Ellis Merriweather

No. 35 – Dallas Renegades
- Position: Running back
- Roster status: Active

Personal information
- Born: April 7, 1999 (age 27) Atlanta, Georgia, U.S.
- Listed height: 6 ft 1 in (1.85 m)
- Listed weight: 220 lb (100 kg)

Career information
- High school: Alpharetta (GA)
- College: Garden City CC (2018–2019) UMass (2020–2022)
- NFL draft: 2023: undrafted

Career history
- New Orleans Saints (2023)*; Green Bay Packers (2023–2024); Dallas Renegades (2026–present);
- * Offseason and/or practice squad member only
- Stats at Pro Football Reference

= Ellis Merriweather =

American football player (born 1999)

Ellis Merriweather (born April 7, 1999) is an American professional football running back for the Dallas Renegades of the United Football League (UFL). He played college football for the Garden City Broncbusters and UMass Minutemen.

==Early life==
Merriweather attended Alpharetta High School in Alpharetta, Georgia, where he rushed for 556 yards and six touchdowns and brought in ten receptions for 77 yards. He committed to play college football at Garden City Community College.

==College career==
===Garden City===
In two seasons at Garden City, Merriweather rushed for 910 yards and ten touchdowns in 18 games.

===UMass===
After two season with Garden City, Merriweather transferred to UMass. In 2020 he had 115 rushing yards and one reception for four yards. In week 6, Merriweather rushed 39 times for 171 yards and two touchdowns as he helped UMass get their first win on the season beating UConn 27-13. In UMass's season finale, he ran the ball 23 times for 168 yards and two touchdowns in a loss to New Mexico State. Merriweather finished his breakout 2021 season with 218 carries for 1,138 yards and five touchdowns, along with hauling in 22 receptions for 165 yards and a touchdown.
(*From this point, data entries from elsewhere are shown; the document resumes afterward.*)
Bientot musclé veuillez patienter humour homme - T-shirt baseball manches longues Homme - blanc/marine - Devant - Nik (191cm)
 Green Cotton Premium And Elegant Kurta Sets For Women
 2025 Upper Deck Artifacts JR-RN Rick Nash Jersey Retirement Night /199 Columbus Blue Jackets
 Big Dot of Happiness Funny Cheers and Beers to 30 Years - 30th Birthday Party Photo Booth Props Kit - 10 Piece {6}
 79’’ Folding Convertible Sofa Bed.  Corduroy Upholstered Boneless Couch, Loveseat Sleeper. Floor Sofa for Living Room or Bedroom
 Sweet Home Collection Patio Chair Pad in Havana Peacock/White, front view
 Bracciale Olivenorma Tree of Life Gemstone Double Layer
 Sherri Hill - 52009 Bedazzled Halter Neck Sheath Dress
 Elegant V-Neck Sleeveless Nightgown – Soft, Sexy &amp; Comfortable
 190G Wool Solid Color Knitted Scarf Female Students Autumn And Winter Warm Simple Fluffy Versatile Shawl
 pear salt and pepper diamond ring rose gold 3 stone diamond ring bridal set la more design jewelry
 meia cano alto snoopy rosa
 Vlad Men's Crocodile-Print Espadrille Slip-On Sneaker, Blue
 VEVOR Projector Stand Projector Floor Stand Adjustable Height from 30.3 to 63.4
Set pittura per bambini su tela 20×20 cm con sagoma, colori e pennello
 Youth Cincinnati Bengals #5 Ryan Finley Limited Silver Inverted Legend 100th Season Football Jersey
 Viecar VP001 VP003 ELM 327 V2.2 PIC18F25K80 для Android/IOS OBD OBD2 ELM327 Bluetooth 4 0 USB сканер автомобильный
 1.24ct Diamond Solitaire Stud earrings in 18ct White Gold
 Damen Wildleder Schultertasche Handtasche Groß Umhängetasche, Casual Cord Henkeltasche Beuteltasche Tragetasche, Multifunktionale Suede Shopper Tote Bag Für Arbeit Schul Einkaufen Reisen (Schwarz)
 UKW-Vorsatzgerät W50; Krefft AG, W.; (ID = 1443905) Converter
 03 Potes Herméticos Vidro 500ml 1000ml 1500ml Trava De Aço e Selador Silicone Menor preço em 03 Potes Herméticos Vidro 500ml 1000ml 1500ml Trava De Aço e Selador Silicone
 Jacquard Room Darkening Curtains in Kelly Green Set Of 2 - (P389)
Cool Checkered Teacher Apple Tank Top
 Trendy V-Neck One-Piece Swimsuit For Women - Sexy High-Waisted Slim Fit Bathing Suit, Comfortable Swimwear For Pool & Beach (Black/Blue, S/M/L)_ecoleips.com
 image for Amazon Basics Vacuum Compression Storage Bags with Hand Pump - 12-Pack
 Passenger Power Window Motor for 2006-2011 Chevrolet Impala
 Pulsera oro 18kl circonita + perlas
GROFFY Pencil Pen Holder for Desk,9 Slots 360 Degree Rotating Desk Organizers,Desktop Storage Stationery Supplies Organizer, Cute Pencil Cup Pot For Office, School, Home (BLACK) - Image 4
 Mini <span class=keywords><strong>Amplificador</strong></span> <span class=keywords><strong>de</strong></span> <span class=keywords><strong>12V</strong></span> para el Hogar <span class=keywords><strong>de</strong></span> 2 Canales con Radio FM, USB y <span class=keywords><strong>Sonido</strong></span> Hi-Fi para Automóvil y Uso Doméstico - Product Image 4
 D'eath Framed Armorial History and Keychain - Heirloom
In week 11 of the 2022 season, he rushed for 122 yards and two touchdowns in a loss to Arkansas State. Merriweather finished the 2022 season with 150 carries for 575 yards and three touchdowns, while notching eight receptions for 48 yards.

Merriweather finished his UMass career with 410 carries for 1,828 yards and eight touchdowns, while talling 31 receptions for 217 yards and a touchdown.

==Professional career==

Pre-draft measurables
| Height | Weight | Arm length | Hand span | Wingspan | 40-yard dash | 10-yard split | 20-yard split | 20-yard shuttle | Three-cone drill | Vertical jump | Broad jump | Bench press |
| 6 ft 1 in (1.85 m) | 220 lb (100 kg) | 33+1⁄4 in (0.84 m) | 9+3⁄4 in (0.25 m) | 6 ft 5+1⁄2 in (1.97 m) | 4.68 s | 1.62 s | 2.72 s | 4.31 s | 7.17 s | 34.5 in (0.88 m) | 9 ft 6 in (2.90 m) | 19 reps |
All values from Pro Day

===New Orleans Saints===
After not being selected in the 2023 NFL draft, Merriweather signed with the New Orleans Saints as an undrafted free agent. He was waived on August 29, 2023 and re-signed to the practice squad, but released the next day.

===Green Bay Packers===
On November 6, 2023, Merriweather was signed to the Green Bay Packers practice squad. He signed a reserve/future contract on January 22, 2024.

On August 27, 2024, Merriweather was released by the Packers and re-signed to the practice squad. On December 24, the Packers placed Merriweather on practice squad injured reserve.

=== Houston Roughnecks ===
On September 2, 2025, Merriweather signed with the Houston Roughnecks of the United Football League (UFL).

=== Dallas Renegades ===
On January 13, 2026, Merriweather was selected by the Dallas Renegades in the 2026 UFL Draft.